Das Instrument des Vorkaufsrechts nach §26 des BauGB war bis dato ein wichtiger Baustein im Kampf gegen Spekulation und Verdrängung. Das Vorkaufsrecht besagt, dass in sogenannten „sozialen Erhaltungsgebieten“ (Milieuschutzgebieten) der Bezirk bei anstehenden Verkäufen das Gebäude erwerben kann. Alternativ kann von Käufer*in eine Abwendungsvereinbarung unterzeichnet werden, die den Mieter*innen für 20 Jahre einen besonderen Schutz garantiert, z.B. keine Umwandlung von Miet- in Eigentumswohnungen.

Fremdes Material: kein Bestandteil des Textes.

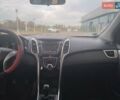 Красный Хендай i30, объемом двигателя 1.4 л и пробегом 295 тыс. км за 7950 $, фото 11 на Automoto.ua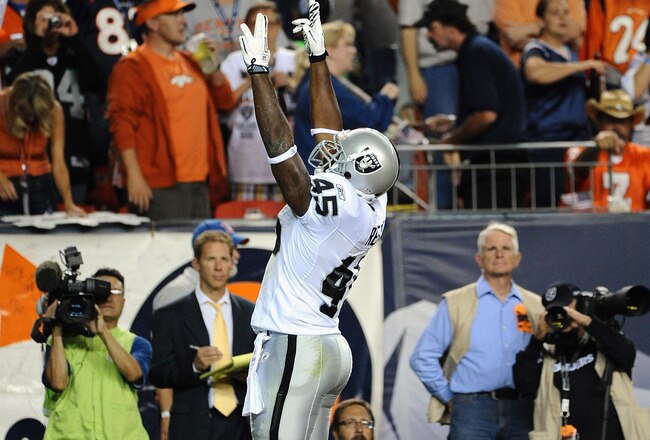 DENVER, CO - SEPTEMBER 12:  Marcel Reece #45 of the Oakland Raiders celebrates his touchdown during the game against the Denver Broncos at Sports Authority Field at Mile High on September 12, 2011 in Denver, Colorado.  (Photo by Garrett W. Ellwood/Getty Images)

In Berlin gibt es insgesamt 72 soziale Erhaltungsgebiete. Allein im Jahr 2020 wurden 252 Käufe geprüft, 18 Vorkaufsrechte ausgeübt und 143 Abwendungserklärungen unterzeichnet. Damit wurden in nur einem Jahr 4121 Wohnungen in ganz Berlin gesichert. Und auch Friedrichshain-Kreuzberg ist bekannt für diese Praxis. In dieser Legislaturperiode wurde hier 31 Mal das Vorkaufsrecht gezogen und somit 718 Wohnungen direkt in gemeinwohl-orientierte Bewirtschaftung übertragen. 

Was bedeutet das Urteil?

Das Urteil des Bundesverfassungsgerichts vom 9. November 2021 schiebt dieser Praxis nun einen Riegel vor – und zwar in allen Städten. Es besagt, dass der Verdacht auf eine mögliche Verdrängung der Mieter*innen nicht ausreicht, um das Instrument zu ziehen und macht das Vorkaufsrecht bei Gebäuden unwirksam, bei denen keine Mängel festgestellt werden. Das bedeutet: In Zukunft kann so das Vorkaufsrecht nur bei unbebauten Grundstücken und sogenannten „Schrottimmobilien“ angewandt werden, ist also für 99% der aktuellen Fälle nicht anwendbar.

Dabei erfolgte erst kürzlich eine Novellierung des Baulandmobilisierungsgesetzes, das die Frist für das Vorkaufsrecht von zwei auf drei Monate verlängerte. Der Ausschuss des Bundesrats hatte damals sogar bereits empfohlen, dass der Paragraph 26 BauGB novelliert werden muss, um das Vorkaufsrecht rechtssicher zu machen. Die schwarz-rote Bundesregierung hatte diese Empfehlung leider ignoriert. Obwohl das Urteil keine Auswirkungen auf bereits abgeschlossene Fälle und Abwendungsvereinbarungen hat, sind aktuell laufende Vorkaufsfälle davon betroffen – in Berlin sind das ganze 600 Wohnungen und damit einige Mieter*innen mehr, die jetzt akut zittern müssen.

Was ist jetzt zu tun?

Dieses Urteil ist bitter für den Kampf gegen Verdrängung und Spekulation. Aber der Zeitpunkt kann auch eine Chance sein, Rechtssicherheit für das Instrument herzustellen.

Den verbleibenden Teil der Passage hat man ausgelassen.